I was looking at the Wikipedia article on my old college, and then the college website itself. FTR, I went to UCSD where each undergraduate chooses a college within the larger university. The colleges exist not only for the purpose of providing an on-campus housing community, but each also has its own academic requirements that must be met to receive a bachelor’s degree. My college was Revelle.

Anyway, with regard to my college, I was surprised and a little dismayed to see that the eight residence halls which were available to all of us when I was there are now designated for first year students only. When I was there, they were open to all undergraduates, and many of us stayed there through the entire four years (or more). In my opinion, this helps to foster camraderie in the college. It also encourages good relations among the different years of the school. On a more hedonistic level, when I think of some of the epic parties that went on (for even we Revelle nerds do need to blow off steam), it makes me sad now to think that everyone living in these places now is a freshman, that is, they’re out of Argo Hall forever in the Spring of their first year, when they’re still wet behind the ears from their last shower at home, so to speak.
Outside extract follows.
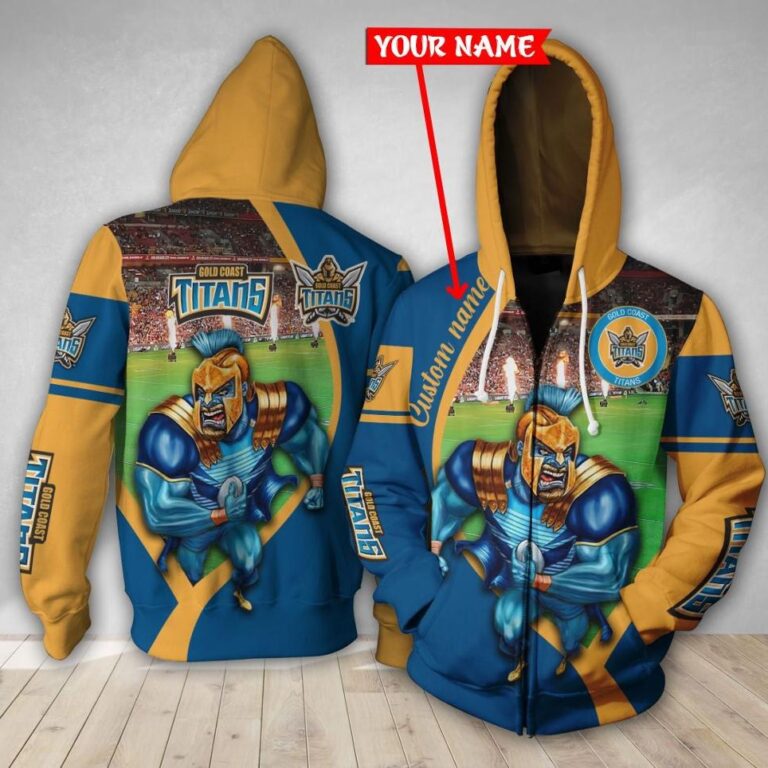 National Rugby League store - Loyal fans of Gold Coast Titans's Unisex Hoodie,Unisex Zip Hoodie,Kid Hoodie,Kid Zip Hoodie:vintage National Rugby League suit,uniform,apparel,shirts,merch,hoodie,jackets,shorts,sweatshirt,outfits,clothes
I looked around at a couple of other UC websites. UCI is doing the “freshman dorm” thing, too. So it makes me ask: Is this becoming a trend? If you went to college in the 1970s, like I did, what was the situation regarding undergraduate dorms in your day? What is it like if you’re an undergraduate now?

I was in Class of '07 and all the way on the other side of the country, but when we had it, there were designated Freshman Dorms, the the better quality dorms going basically to the rest of the students. It was also sorta segregated in 2nd,3rd, and 4th years by a lottery system- so the seniors would have the best numbers then the juniors then the sophomores. So this would lead to the best dorms being filled up with mostly Seniors, and then the next best being mixed with juniors and seniors and so on down the line until some dorms were basically just the frat houses and the poor sophomores who had the worst numbers stuck next to them.

I didn’t mind the system as you could go in with your numbers if you were a group- so there were some soph. and juniors that could have a senior friend and they’d all get a dorm room together simply by using the seniors number. That way there was some mixing but that wasn’t really the norm.

My college (Kalamazoo College, class of '08) actually required that your first two years be spent on campus and living in a dorm. We had six dorms and for the first year were assigned randomly; most first year students got stuck in the smallest-roomed and oldest dorm. There weren’t any limitations, it pretty much depended on what your lottery number was by the time you went to register for each semester. Upperclassmen had a lower number/higher priority. The dorms were equally mixed with the different years. However, after I left they decided to designate certain dorms to only house certain years so all of the freshmen were stuck in dorm A, sophomores in dorm B, and so on. I think this was a silly, pointless thing to do and I’m glad I got out before that happened.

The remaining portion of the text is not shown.